New age fartlek running
Speed play techniques for runners
Fartlek is a form of run training using the speed element of the training session. When coached properly it can form an invaluable part of the runner's preparations.
New age fartlek running
'Fartlek' is a Swedish word which translates as 'speed play'. It originated from Gosta Holmer, coach to world record holders Gunder Haag and Arne Anderson, who trained in the Swedish pine forests.
Fartlek training was intended to be a rather unstructured session where the runner runs as they please and plays around with the speed element of the training session. However, coaches have tended to move away from this unstructured approach and will now have a set time for the session.
A typical structured fartlek session
- 50 minute fartlek, containing 15 speed efforts.
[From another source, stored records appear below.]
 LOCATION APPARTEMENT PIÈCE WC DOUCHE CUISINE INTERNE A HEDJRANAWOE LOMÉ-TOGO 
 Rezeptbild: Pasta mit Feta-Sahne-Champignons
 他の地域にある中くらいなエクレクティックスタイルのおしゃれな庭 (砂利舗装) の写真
The longest is over 1,200m (0.75 miles), the shortest over 60m (approximately 66 yards) with the rest of the efforts in between these parameters with a jog recovery following each effort.
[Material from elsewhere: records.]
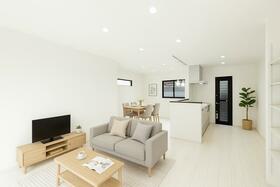 福岡県北九州市小倉南区長行西３丁目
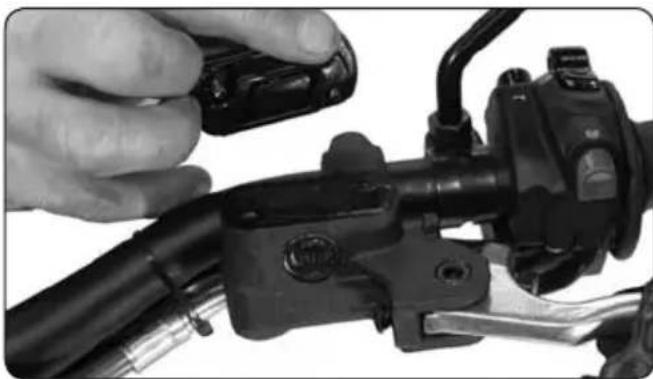 Sherco SE4.5iF (2010) - Checking the level - 1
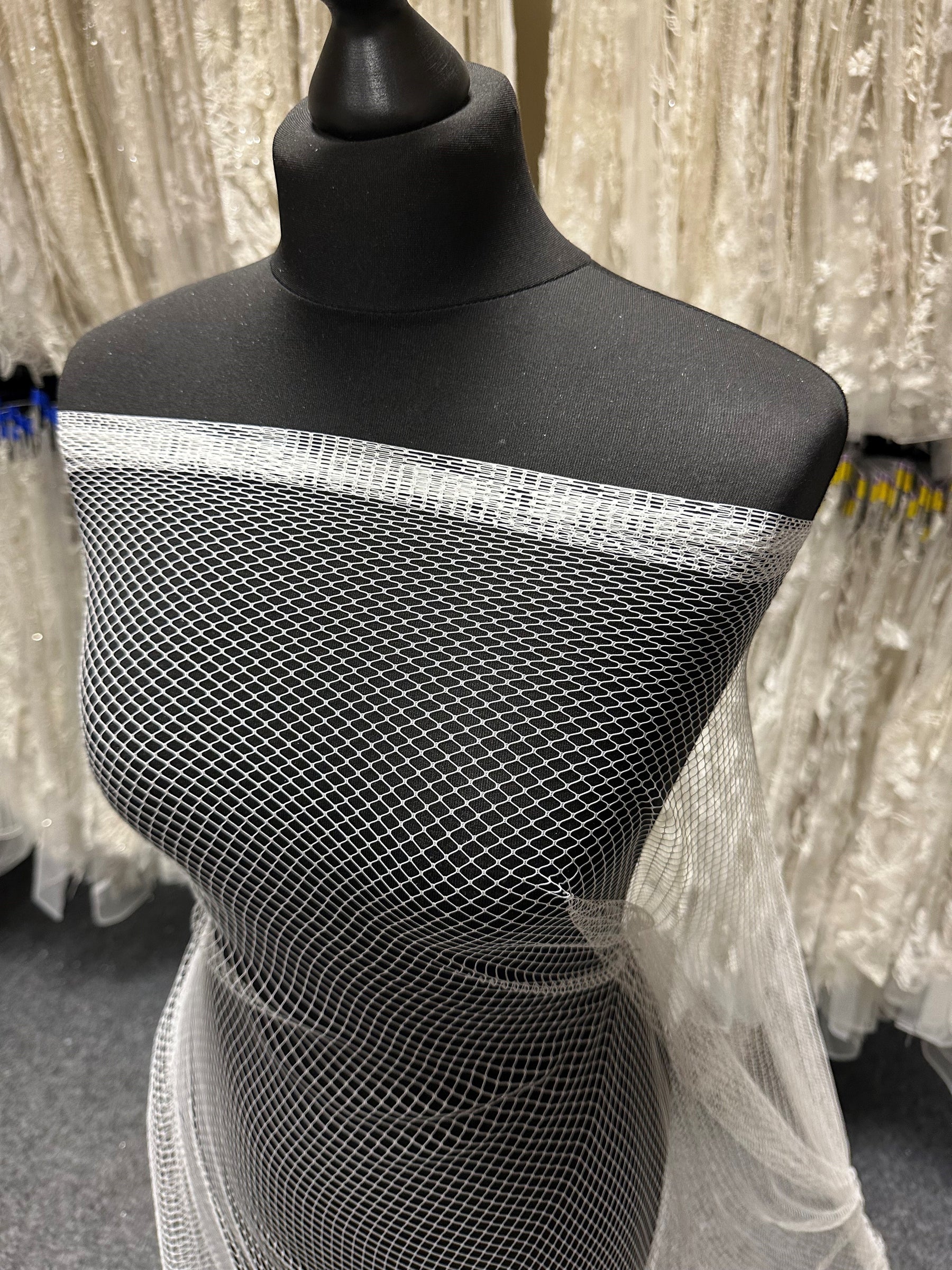 Cage à oiseaux en filet ivoire souple - Barrage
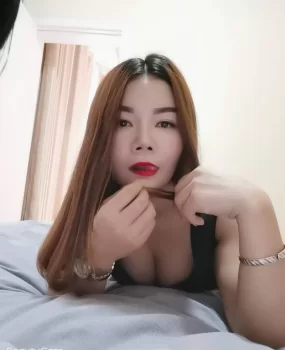 风骚轻熟女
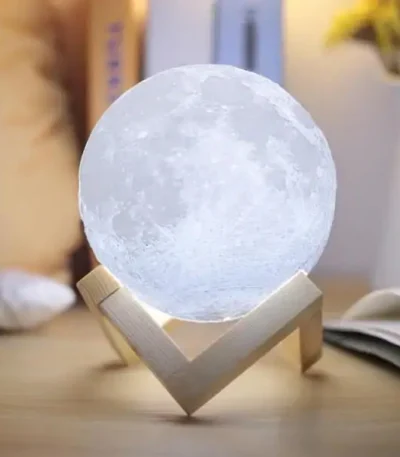 3D-månlampa med trästöd, modern vetenskaplig inredning.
If employed during a road session, the coach might decide that the efforts should take place between a set of street lights with the next set being a jogged recovery, building up each repetition to say 10 street light posts with six street light posts jog recovery.
In these structured sessions, the athlete knows beforehand the set time of the fartlek, the number of efforts, the range of efforts and the recovery after each effort. However, certain coaches, will only inform the athlete of the length of the fartlek session in terms of time. The rest of the session, the number of repetitions, the duration of each repetition and the recovery after each repetition remain a mystery to the runner and are controlled by the coach using a whistle.
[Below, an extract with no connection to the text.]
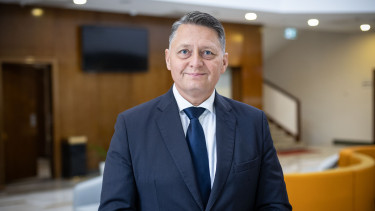 35 éve küzdenek a vállalkozások a tőkeszegénységgel, itt a lehetőség a finanszírozásra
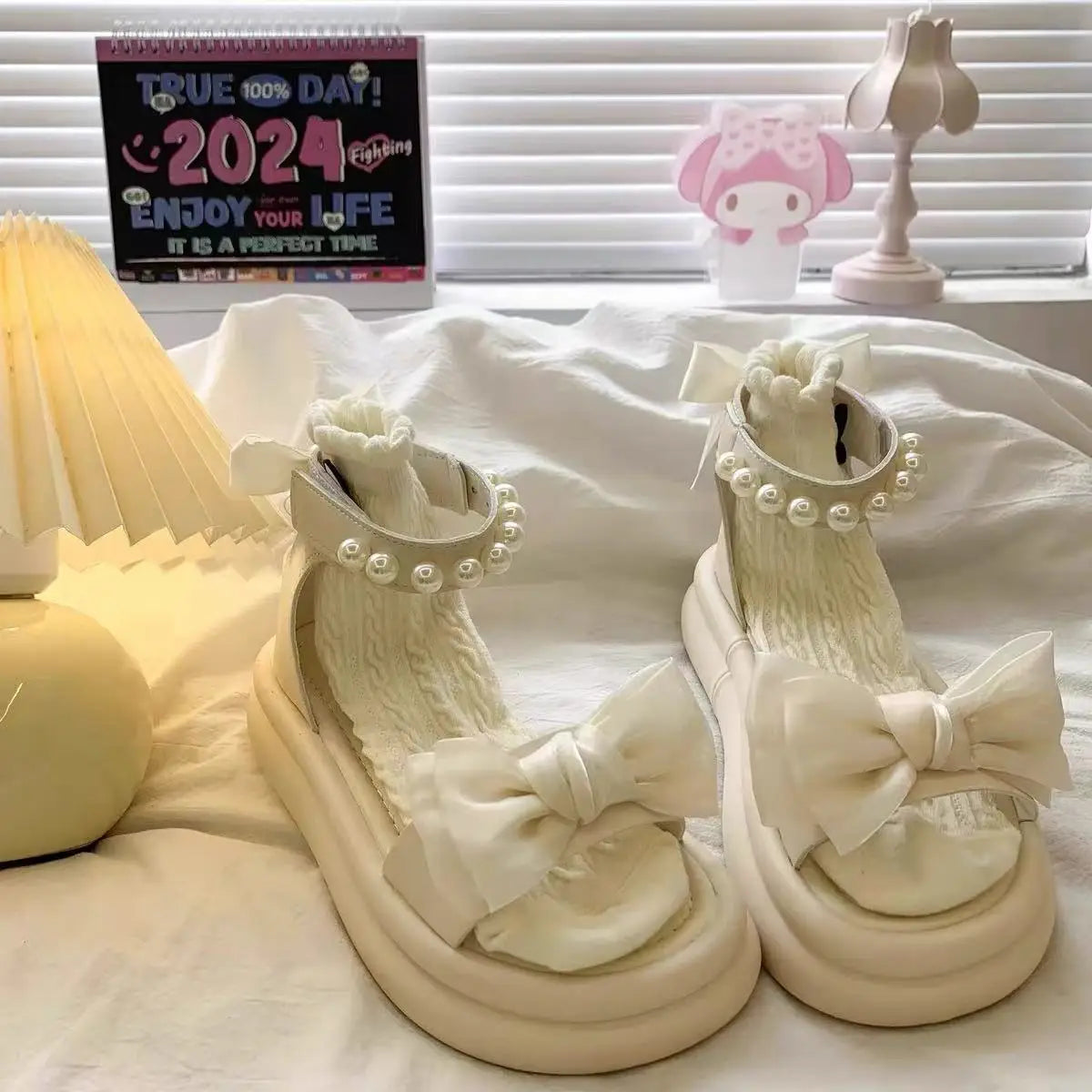 Girls Sandals Pearl Bow Princess Shoes 2026 Summer New Children's Beach Shoes Girls Soft Sole Sandals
In this way, the athlete does not know what is coming next, how long they will have to run hard for and how long they have to recover. It brings a more structured and disciplined approach to the fartlek session. Using this system, all the energy pathways are involved making it very similar to the race situation, as well as involving other important training ingredients.
- The short sprints with long recovery involve the pure sprint system.
- The longer repetitions, which are run quickly with a short recovery, involve the lactate system (burning legs syndrome).
- The consistent steady running, strides and recovery stages, involve the oxygen system (you can talk during these sections).
New age fartlek running and how to progress
Fartlek training can be used at any time of year, by mixed ability groups and with athletes of all ages. However, to make proper progress throughout the season, the length of the sessions and number of repetitions that are run within it must be increased.
Fartlek should also be progressive throughout the athlete’s career. A younger athlete is probably better suited to the whistle controlled fartlek, progressing to the structured fartlek as they become more disciplined. Remember, fartlek is not an easy option, but helps add variety to what otherwise could be boring sessions.